Dans un courrier confidentiel à Willermoz, Meunier de Précourt révèle l'enseignement secret du grade de Grand Inspecteur Grand Élu ou Chevalier Kadosh : les francs-maçons sont en fait les descendants de « ces fameux infortunés T....... [Templiers] ». Il y ajoute une glose sur l'emblème du grade :

« L'aigle portant un poignard dans ses serres avec ces mots : Neccum Adonay, Vengeance à Dieu, nous représente les dernières paroles de Jacques de Molay, dernier Grand Maître, quand il ajourna le pape et le roy ; ajournement terrible vérifié par l'événement. L'aigle, l'animal qui plane le plus haut dans les airs et le seul qui fixe le soleil, est le juste emblème de cet infortuné vieillard »

Dans la lettre suivante où Meunier de Précourt entreprend d'exposer dans le détail les liens entre les Templiers et les Chevaliers G.I.G.E. , l'explication est un peu différente.
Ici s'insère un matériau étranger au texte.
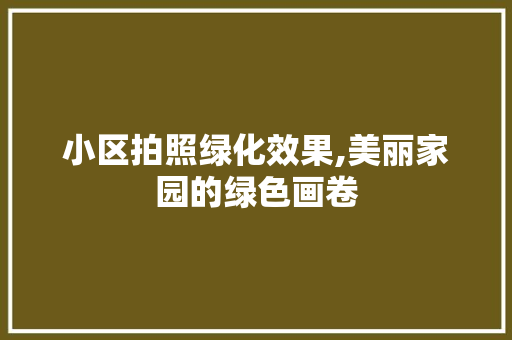 小区拍照绿化效果,美丽家园的绿色画卷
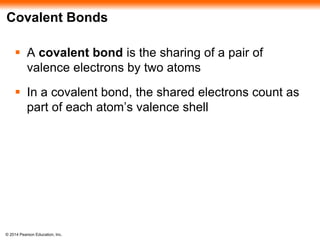 © 2014 Pearson Education, Inc.
Covalent Bonds
 A covalent bond is the sharing of a pair of
valence electrons by two atoms
 In a covalent bond, the shared electrons count as
part of each atom’s valence shell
Ce sont en effet les Templiers survivants au supplice qui :

« Comme l'aigle est le Roy des oiseaux et le seul qui regarde fixement le soleil, ils le prirent pour devise en l'armant d'un poignard dans les serres, comme pour demander justice à la divinité d'un aussi horrible attentat »

On doit noter que ces explications n'éclairent pas sur le caractère éployé de la dite aigle. Peut-être celui-ci devait-il contribuer à assurer la préséance du Kadosh sur un autre grade apparu à la même époque et qui allait contester au Chevalier G.I.G.E. le rôle terminal de Nec plus Ultra de la maçonnerie : le Chevalier de l'Aigle Rose-Croix. La symbolique de l'aigle – monocéphale – y joue en effet un rôle. Mais peut-être, tout simplement, l'aigle à deux têtes, dont les qualités chevaleresques et de souveraineté appartenaient au fond commun de la symbolique occidentale, apparut-il particulièrement adapté pour ce grade auquel « Tous les [autres… devaient être] subordonnés » ; grade qui en conséquence se voulait porteur des plus précieuses révélations de la Maçonnerie et aspirait à gouverner l'Ordre.
Toujours est-il que le G.I.G.E. ou Chevalier Kadosh allait connaître une grande fortune dans la Maçonnerie française des années 1760 et avec lui son emblème, l’aigle à deux têtes. Ainsi, dès 1762, les dignitaires de la Grande Loge des Maîtres de Paris, dite de France, avec à sa tête le substitut du Grand Maître, Chaillon de Jonville, s'annoncent « décorés du Grade par Excellence de G.I.G.E. ». Tous les rituels manuscrits de G.I.G.E. ou Chevalier Kadosh qui nous sont parvenus présentent l’aigle à deux têtes comme l'emblème du grade. Celui-ci se trouve ainsi associé au Nec plus Ultra de la Maçonnerie et devient donc, de fait, le symbole d'une fonction dirigeante dans la Première Grande Loge de France.